Concentrated collagen hydrogels: A new approach for developing artificial tissues

Abstract

Collagen's unique properties are ideal for creating tissue and organ equivalents. Rapid development of methods for creating such objects has revealed that collagen biomaterials have poor mechanical properties, which complicates their use. A potential solution is increasing the collagen concentration in the initial solution; however, there is little data on the behavior of cells cultured inside concentrated collagen hydrogels for an extended period. Therefore, we assessed the cell behavior of human dermal fibroblasts (hDFs) cultured for 28 days inside collagen hydrogels of various densities (5, 10, and 30 mg/mL).

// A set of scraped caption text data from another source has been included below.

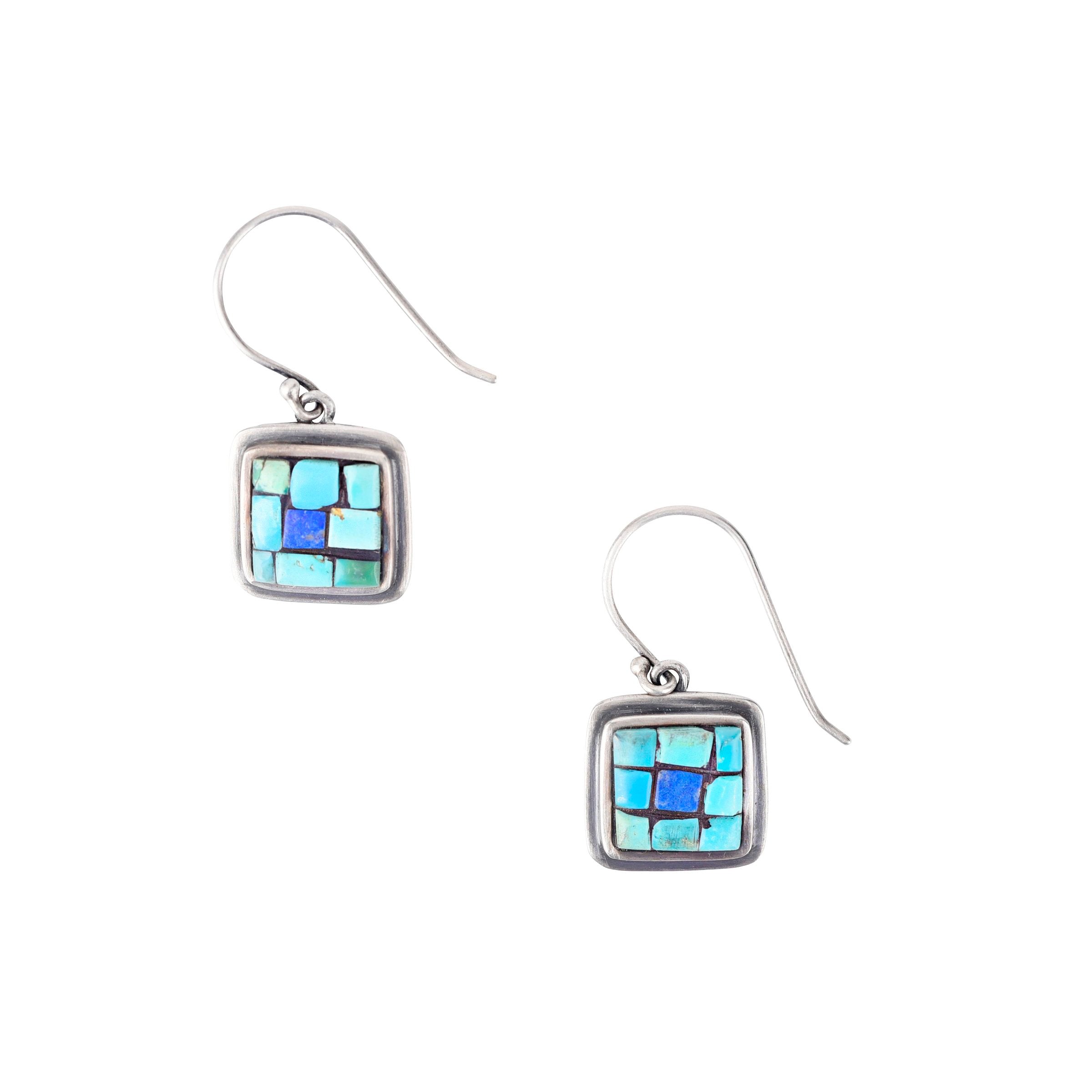 Nomad Mosaic Turquoise and Lapis Earrings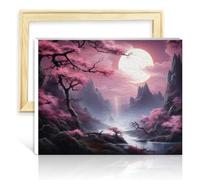 TANGFEIY Peinture à l'huile Paysage de fleurs de cerisier japonais Kits de peinture pour adultes avec pinceaux et pigment acrylique sur toile pour le temps parent-enfant Cadre DIY (30x40cm)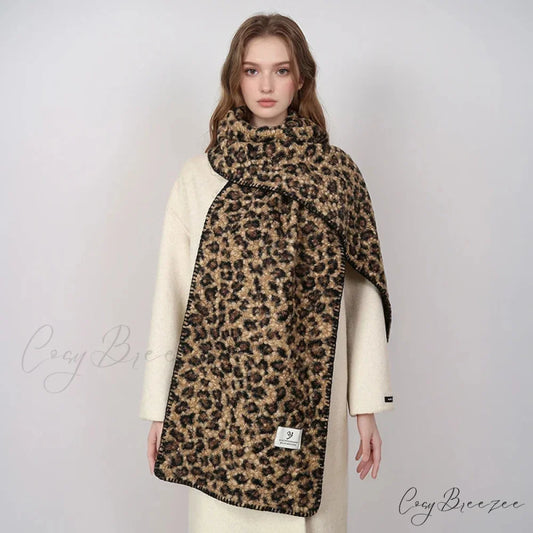 Leopard Print Cashmere Pashmina Scarf green scarf-241228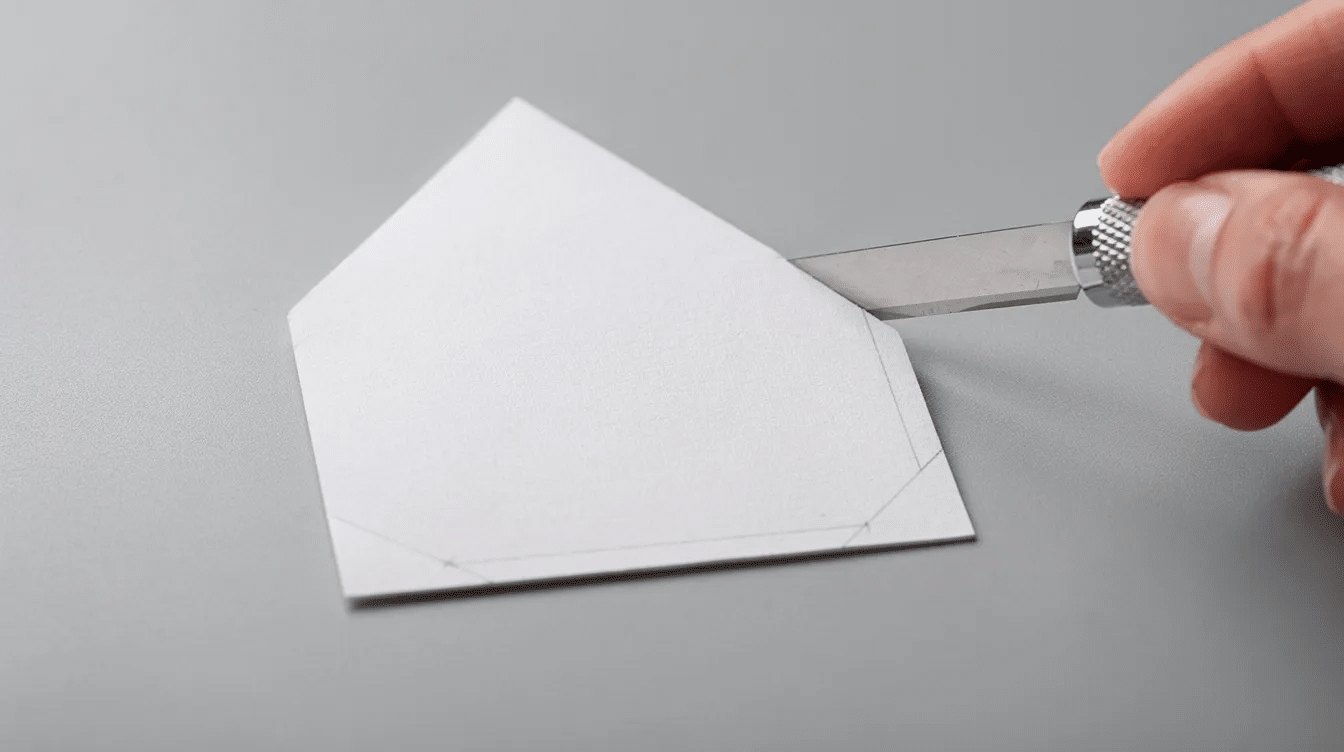 Afce07bb 13a2 421a 91ec d651dc009c0c An image shows a square piece of origami paper being carefully trimmed into a perfect pentagon shape The edges are aligned and the transformation highlights the precision needed to create various paper stars like the pointed origami star or lucky stars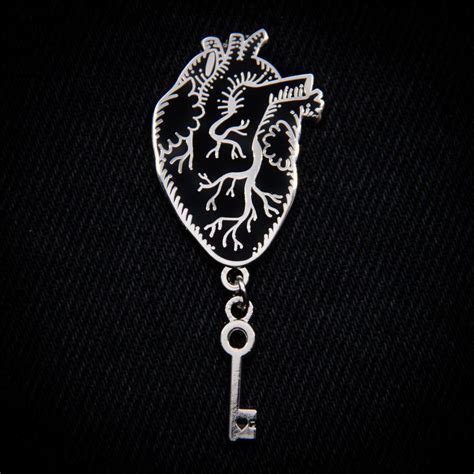 Ectogasm Gothic Anatomical Heart Enamel Pin In Heart Enamel Pin Silver Anatomical Heart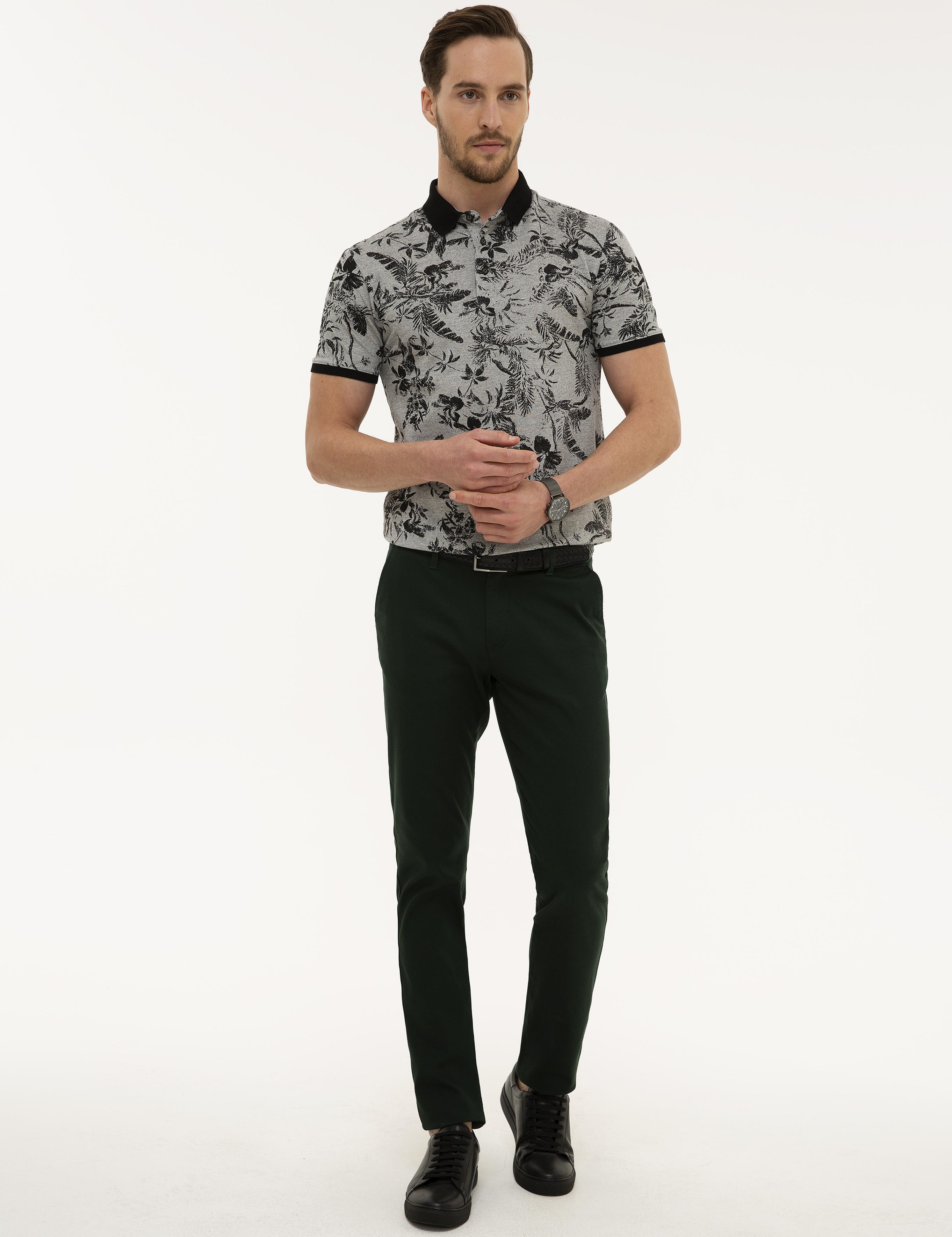 Yeşil Slim Fit Kanvas Pantolon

In addition collagen hydrogels seeded with spheroids of human dermal papilla cells (hDPCs) has been implanted subcutaneously to mice. The RT-qPCR and immunohistochemistry results revealed no significant difference between the study groups regarding changes in cell morphology, viability, and expression of specialized markers, extracellular matrix proteins, and MMPs/TIMPs. However, matrix density influenced cell proliferation and contractile capacity. Rheological studies supplemented by time-lapse imaging revealed an inverse correlation between hydrogel density and cell motility. The hDFs constantly interacted with the matrix, changing its physical properties, which was confirmed by examining the rheological characteristics of cell-laden collagen gels over different periods (1, 14, and 28 days). The hDPCs inside 30 mg/mL collagen hydrogels maintained viability after 28 days, while 5 and 10 mg/mL hydrogels were completely biodegraded and no human cells could be found at the site of transplantation. The long-term stability of 30 mg/mL collagen hydrogels provide a basis for using concentrated collagen solutions to create new biomaterials for artificial tissue development.